Reeves played fast and loose with business leaders’ trust
Not long ago, Rachel Reeves would have been right at home in a room full of business leaders and employers.
During the election campaign it was comfortable territory for the aspiring Chancellor who reassured the private sector at every turn that Labour would be “the most pro-business government the country has ever seen.”
Now, just a month after delivering her first Budget, Reeves would be forgiven for venturing into the CBI annual conference with some trepidation. The lobby group yesterday slammed the government’s approach to the private sector, warning that the Budget will hit investment, job creation and growth. Their language was admirably frank and echoed a growing chorus of complaints from business leaders in recent weeks.
Reeves appeared in conversation with a CEO who isn’t yet embarrassed to be seen with her, Scottish Power’s Keith Anderson, but journalists attending the conference weren’t going to let her off the hook.
In response to a question about whether she would revisit any of the new costs being imposed on businesses, she said “we’ve made our decisions” and added that, contrary to the view of those who actually employ hundreds of thousands of people across the country, the Budget will in fact prove to be “good for jobs and good for growth.”
More than a few CEOs could be seen to shake their heads at this.
Perhaps sensing that she didn’t exactly have the audience in the palm of her hand, she offered an olive branch, telling the assembled bosses “you can be confident we’re not going to have to come back again and do another Budget like this.”
But on what grounds are employers expected to have any such confidence?
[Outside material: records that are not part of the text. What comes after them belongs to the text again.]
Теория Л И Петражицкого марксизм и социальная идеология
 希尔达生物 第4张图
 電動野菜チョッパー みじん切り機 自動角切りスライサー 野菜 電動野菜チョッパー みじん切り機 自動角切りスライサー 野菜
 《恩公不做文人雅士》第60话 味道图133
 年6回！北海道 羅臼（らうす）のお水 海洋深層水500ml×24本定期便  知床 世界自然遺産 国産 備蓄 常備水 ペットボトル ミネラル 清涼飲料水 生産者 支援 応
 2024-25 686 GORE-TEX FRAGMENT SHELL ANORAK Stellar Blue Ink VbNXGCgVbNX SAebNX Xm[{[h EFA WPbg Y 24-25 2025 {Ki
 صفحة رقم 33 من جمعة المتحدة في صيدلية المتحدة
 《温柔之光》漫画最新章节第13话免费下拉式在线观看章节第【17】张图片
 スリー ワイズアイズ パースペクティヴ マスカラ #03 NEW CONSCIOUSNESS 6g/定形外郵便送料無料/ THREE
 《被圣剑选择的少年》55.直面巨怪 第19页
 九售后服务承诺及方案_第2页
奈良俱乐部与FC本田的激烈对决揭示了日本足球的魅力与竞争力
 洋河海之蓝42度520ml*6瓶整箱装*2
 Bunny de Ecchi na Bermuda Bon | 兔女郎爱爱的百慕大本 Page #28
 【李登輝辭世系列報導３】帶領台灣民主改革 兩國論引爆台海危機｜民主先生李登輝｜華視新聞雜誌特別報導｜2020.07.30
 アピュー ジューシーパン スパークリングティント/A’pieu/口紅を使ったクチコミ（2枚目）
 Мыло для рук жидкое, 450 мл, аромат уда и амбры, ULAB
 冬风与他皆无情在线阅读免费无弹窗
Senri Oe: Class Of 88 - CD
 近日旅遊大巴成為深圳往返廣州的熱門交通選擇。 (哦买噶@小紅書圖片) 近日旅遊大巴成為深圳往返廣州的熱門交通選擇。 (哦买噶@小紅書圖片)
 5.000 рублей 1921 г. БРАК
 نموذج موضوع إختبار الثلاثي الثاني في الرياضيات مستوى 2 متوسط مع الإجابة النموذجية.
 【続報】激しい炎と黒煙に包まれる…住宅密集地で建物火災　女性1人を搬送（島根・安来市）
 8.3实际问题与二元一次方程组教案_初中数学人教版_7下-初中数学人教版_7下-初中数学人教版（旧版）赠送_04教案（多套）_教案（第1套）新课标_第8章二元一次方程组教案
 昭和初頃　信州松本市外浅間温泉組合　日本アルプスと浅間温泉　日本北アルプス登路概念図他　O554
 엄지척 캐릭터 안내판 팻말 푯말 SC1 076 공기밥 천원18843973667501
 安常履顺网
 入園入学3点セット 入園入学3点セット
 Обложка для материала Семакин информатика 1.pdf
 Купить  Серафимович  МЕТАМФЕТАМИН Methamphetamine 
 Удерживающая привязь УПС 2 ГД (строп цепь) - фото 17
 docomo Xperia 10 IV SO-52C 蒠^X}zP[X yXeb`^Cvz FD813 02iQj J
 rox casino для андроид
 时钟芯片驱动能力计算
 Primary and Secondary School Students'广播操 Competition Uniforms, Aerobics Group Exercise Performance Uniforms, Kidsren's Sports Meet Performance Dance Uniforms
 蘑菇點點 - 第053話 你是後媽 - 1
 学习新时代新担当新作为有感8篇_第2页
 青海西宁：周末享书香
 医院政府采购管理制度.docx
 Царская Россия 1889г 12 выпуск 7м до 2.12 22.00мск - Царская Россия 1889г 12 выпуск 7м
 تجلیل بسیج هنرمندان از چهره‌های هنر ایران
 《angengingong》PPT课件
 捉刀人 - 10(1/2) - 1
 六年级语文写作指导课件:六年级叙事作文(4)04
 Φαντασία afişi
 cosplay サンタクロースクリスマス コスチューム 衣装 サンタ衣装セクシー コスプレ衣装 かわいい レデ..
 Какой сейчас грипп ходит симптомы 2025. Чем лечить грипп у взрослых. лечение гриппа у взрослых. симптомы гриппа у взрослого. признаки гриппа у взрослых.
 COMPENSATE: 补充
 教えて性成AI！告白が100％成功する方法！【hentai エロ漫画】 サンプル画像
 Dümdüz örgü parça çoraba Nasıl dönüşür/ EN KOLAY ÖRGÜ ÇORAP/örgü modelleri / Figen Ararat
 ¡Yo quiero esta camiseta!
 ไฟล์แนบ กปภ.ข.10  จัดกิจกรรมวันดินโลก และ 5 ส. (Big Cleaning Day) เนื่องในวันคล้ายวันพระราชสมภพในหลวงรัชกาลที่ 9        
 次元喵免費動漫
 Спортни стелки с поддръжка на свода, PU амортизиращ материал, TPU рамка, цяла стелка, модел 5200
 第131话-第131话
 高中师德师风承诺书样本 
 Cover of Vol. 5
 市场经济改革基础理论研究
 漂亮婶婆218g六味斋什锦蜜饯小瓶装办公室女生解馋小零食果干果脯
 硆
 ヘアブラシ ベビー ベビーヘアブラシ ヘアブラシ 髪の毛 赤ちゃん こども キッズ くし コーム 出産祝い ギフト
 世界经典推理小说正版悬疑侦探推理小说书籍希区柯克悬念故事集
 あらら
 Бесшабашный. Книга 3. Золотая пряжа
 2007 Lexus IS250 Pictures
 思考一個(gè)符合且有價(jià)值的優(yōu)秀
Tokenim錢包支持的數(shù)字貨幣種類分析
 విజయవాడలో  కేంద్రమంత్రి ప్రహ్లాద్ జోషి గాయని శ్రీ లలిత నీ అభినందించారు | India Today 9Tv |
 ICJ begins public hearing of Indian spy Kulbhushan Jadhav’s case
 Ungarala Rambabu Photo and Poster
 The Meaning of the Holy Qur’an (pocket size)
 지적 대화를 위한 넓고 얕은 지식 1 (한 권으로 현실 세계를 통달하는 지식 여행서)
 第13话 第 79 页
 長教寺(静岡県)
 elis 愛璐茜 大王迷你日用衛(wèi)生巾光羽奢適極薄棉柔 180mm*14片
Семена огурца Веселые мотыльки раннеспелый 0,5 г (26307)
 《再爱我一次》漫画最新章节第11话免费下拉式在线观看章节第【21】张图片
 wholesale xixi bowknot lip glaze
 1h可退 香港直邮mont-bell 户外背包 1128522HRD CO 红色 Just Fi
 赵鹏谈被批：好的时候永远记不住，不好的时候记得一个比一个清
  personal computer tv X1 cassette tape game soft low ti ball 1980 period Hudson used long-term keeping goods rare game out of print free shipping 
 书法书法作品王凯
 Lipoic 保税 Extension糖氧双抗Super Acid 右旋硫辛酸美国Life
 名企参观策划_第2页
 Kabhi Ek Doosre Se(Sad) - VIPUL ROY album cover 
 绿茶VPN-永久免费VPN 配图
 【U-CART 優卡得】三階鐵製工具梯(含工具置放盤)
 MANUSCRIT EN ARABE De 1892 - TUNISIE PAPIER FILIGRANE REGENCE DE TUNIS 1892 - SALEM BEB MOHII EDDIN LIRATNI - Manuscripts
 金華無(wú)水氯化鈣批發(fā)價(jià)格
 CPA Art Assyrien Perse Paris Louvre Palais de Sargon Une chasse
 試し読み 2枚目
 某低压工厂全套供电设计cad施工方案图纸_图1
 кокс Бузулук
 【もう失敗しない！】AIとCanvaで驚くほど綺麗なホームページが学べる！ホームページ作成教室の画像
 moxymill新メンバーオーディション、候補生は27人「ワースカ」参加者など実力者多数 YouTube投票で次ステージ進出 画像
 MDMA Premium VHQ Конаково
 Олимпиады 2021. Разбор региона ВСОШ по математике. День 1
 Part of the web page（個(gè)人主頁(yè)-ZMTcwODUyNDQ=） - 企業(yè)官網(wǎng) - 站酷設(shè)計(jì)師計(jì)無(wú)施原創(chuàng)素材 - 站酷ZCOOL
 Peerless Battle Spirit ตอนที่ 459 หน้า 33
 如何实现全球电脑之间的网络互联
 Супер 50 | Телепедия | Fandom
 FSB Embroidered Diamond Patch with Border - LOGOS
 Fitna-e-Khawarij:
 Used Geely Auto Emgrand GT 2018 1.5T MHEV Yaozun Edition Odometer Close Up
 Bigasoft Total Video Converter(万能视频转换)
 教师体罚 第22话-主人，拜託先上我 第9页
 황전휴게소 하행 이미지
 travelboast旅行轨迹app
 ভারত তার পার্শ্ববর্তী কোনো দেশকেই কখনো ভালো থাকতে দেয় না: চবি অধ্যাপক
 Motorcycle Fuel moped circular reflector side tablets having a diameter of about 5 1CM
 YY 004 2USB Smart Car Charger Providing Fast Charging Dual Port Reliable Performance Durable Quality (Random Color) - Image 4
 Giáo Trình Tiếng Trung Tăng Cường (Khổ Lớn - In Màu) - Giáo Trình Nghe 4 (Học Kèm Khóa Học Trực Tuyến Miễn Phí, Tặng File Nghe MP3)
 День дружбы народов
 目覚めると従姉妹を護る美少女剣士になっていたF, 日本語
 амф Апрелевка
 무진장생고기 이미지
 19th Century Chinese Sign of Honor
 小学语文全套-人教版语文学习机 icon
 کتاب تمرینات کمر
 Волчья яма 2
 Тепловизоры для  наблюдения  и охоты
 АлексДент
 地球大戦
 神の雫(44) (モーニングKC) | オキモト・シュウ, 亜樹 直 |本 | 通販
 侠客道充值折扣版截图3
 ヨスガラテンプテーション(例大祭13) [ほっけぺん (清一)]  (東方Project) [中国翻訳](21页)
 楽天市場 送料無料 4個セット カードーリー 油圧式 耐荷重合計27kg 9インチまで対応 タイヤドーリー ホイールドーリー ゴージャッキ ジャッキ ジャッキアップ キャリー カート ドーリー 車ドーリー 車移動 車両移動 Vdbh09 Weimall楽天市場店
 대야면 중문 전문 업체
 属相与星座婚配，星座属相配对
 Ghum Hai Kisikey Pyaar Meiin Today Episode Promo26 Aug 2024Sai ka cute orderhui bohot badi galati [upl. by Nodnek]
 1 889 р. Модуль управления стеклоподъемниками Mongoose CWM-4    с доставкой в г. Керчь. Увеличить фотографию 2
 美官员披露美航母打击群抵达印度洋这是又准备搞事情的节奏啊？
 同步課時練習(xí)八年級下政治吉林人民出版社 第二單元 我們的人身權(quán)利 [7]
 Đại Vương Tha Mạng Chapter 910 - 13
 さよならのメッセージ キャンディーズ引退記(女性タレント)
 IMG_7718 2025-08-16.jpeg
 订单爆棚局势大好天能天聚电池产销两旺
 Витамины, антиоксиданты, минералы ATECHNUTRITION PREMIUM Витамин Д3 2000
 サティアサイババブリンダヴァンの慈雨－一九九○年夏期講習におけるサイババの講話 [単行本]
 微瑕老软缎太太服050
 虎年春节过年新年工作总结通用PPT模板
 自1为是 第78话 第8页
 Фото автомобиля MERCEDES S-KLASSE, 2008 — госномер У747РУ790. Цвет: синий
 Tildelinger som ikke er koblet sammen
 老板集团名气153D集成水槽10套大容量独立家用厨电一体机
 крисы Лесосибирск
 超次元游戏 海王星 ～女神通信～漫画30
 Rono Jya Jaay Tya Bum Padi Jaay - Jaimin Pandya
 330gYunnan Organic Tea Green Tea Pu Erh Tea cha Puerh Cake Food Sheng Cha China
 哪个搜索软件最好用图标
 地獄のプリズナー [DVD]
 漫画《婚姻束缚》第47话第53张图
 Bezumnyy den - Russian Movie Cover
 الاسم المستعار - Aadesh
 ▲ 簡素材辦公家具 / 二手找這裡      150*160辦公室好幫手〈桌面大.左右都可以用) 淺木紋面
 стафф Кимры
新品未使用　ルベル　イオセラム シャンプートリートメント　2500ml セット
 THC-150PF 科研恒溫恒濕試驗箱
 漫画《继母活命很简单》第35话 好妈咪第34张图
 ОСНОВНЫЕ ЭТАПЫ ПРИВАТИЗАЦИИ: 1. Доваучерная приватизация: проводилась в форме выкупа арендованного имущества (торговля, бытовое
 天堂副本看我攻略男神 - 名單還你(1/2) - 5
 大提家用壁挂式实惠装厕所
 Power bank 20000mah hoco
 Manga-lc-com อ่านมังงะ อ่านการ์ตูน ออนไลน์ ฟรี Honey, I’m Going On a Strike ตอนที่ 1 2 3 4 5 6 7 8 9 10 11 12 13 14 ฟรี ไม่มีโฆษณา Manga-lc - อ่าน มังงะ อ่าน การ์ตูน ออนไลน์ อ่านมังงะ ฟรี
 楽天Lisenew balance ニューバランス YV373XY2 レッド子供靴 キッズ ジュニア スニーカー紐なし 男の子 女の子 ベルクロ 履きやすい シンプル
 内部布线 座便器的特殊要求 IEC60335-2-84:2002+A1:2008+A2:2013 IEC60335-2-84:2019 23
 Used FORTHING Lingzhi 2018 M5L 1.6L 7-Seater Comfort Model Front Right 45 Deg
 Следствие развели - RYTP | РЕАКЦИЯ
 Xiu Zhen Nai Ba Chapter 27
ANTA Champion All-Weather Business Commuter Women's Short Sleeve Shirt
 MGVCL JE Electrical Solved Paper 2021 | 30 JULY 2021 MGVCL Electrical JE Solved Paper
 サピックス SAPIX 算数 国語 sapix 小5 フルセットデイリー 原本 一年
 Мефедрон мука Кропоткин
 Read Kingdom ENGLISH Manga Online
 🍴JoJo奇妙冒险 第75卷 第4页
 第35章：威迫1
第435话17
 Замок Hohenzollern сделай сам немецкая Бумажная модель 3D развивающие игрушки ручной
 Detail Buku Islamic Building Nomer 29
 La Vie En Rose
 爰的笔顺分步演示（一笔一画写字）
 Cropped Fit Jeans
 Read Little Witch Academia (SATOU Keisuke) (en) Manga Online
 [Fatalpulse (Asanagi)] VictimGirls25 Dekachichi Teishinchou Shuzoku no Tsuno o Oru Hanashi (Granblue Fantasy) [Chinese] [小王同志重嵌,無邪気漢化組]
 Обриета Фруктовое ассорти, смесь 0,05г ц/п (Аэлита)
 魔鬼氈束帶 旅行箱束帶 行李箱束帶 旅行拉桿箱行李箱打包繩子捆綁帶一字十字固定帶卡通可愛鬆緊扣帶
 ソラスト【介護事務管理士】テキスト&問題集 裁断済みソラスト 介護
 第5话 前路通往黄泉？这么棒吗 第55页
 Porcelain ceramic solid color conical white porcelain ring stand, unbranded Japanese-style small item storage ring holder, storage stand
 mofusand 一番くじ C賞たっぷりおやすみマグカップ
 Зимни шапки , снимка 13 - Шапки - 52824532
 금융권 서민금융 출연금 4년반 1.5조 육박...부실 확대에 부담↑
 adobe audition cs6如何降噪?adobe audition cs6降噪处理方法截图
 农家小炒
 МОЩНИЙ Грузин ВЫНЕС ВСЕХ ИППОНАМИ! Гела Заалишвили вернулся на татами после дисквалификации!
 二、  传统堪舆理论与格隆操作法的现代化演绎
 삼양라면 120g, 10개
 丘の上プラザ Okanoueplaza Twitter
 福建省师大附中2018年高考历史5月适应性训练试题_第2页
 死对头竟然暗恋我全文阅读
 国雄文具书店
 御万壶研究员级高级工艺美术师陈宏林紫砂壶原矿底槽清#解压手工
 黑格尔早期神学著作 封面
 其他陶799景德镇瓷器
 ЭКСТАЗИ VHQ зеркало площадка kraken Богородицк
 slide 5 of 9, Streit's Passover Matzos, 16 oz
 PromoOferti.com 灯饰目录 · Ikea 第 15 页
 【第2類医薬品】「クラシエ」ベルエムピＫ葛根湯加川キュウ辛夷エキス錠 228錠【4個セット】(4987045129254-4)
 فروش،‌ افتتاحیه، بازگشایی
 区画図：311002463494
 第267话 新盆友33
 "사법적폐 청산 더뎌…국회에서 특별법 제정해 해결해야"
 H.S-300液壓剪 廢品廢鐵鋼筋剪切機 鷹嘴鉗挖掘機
The Budget measures that have so alarmed businesses large and small were not in Labour’s manifesto and caught everyone completely off guard.
Even the Institute of Fiscal Studies warned in the Budget’s aftermath that unless Labour “got lucky on growth” Reeves would very likely have to come back in a year or two and raise fresh taxes.
However, having promised not to do it again, the Chancellor’s final line of defence was to claim that she hasn’t “heard many alternatives” to the tax rises she announced last month. This is sophistry; pretending that she didn’t want to raise taxes on businesses simply adds insult to injury.
The truth is Labour has played fast and loose with business leaders’ trust.